The prosecution’s sentencing memo asked the Judge to impose
a 27-month sentence to reflect the gravity of Taranto’s conduct, his lack of
remorse, and the need to deter him and others from engaging in similar
threatening conduct. It’s a reasonable request, one that is within the sentencing
guidelines for the offense.
But Donald Trump is intent on
whitewashing history to improve his own position in it. I write about it
in my book as a “new lost cause,” a parallel
to the post-Civil War narrative that romanticized “the old South” and slavery,
giving rise to narratives that shaped themselves into today’s Christian
Nationalism. Trump has rebranded January 6 criminals as patriots and attempted
to restore them to the American mainstream. It’s a
story about a new “lost cause,” transforming disloyal criminals into an
idealized version of the story.
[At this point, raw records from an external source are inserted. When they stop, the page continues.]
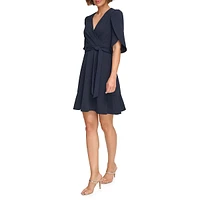 Tulip-Sleeve Faux Wrap Dress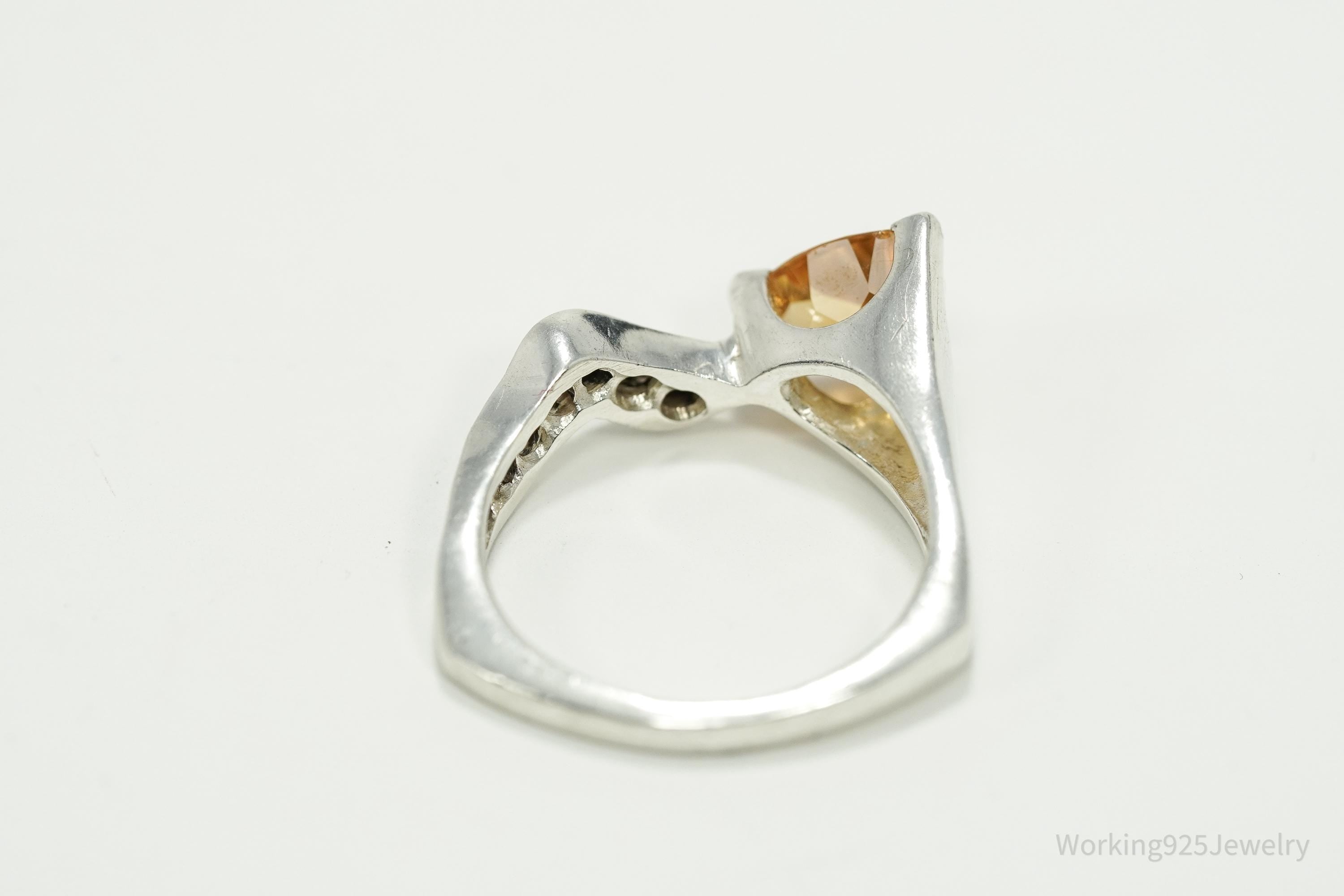 Rare Designer Donald Pekarek Citrine & Black Spinel Sterling Silver Ring - Size 8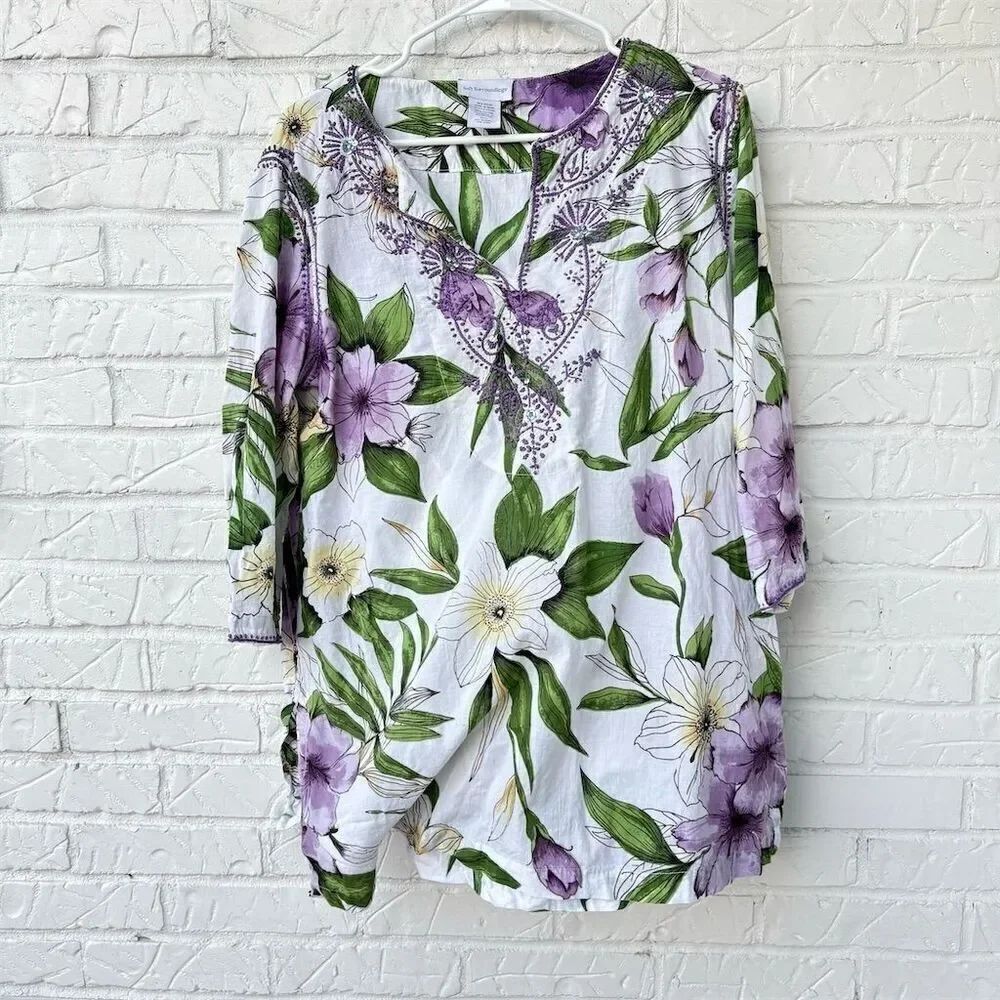 Soft Surroundings PXL Cotton Floral Tunic Blouse Embroidered Purple Casual Top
Trump’s Justice Department is aiding and
abetting in that Orwellian task. “And if all others accepted the lie which the
Party imposed—if all records told the same tale—then the lie passed into
history and became truth,” Orwell wrote in 1984. “The past was
erased, the erasure was forgotten, the lie became the truth.” His main
character, Winston, muses about whether, “Within twenty years at the most … the
huge and simple question, ‘Was life better before the Revolution than it is
now?’ would have ceased once and for all to be answerable.”
Trump is so intent on rewriting his
own history that he wants prosecutors to erase it even in a criminal case where
facts are being presented to a Judge. That Judge was not impressed. In today’s sentencing
hearing, he questioned DOJ about the substitute second sentencing memo, which
removed references to January 6 and Trump’s post of Obama’s address. Taranto
was sentenced to 21 months, and since he has already served more than that while
awaiting trial, he’ll be released, but will remain under supervision by U.S.
Probation for three years. The President who set him on his path has faced no
consequences. Fixing that will be up to us, to the voters, who have work ahead
of us when we vote to see to it that this president is finally held accountable
and that a new Congress that will return to performing its constitutional
duties is seated after the midterms. It’s a sorry state of affairs at the
Justice Department. Our work is cut out for us.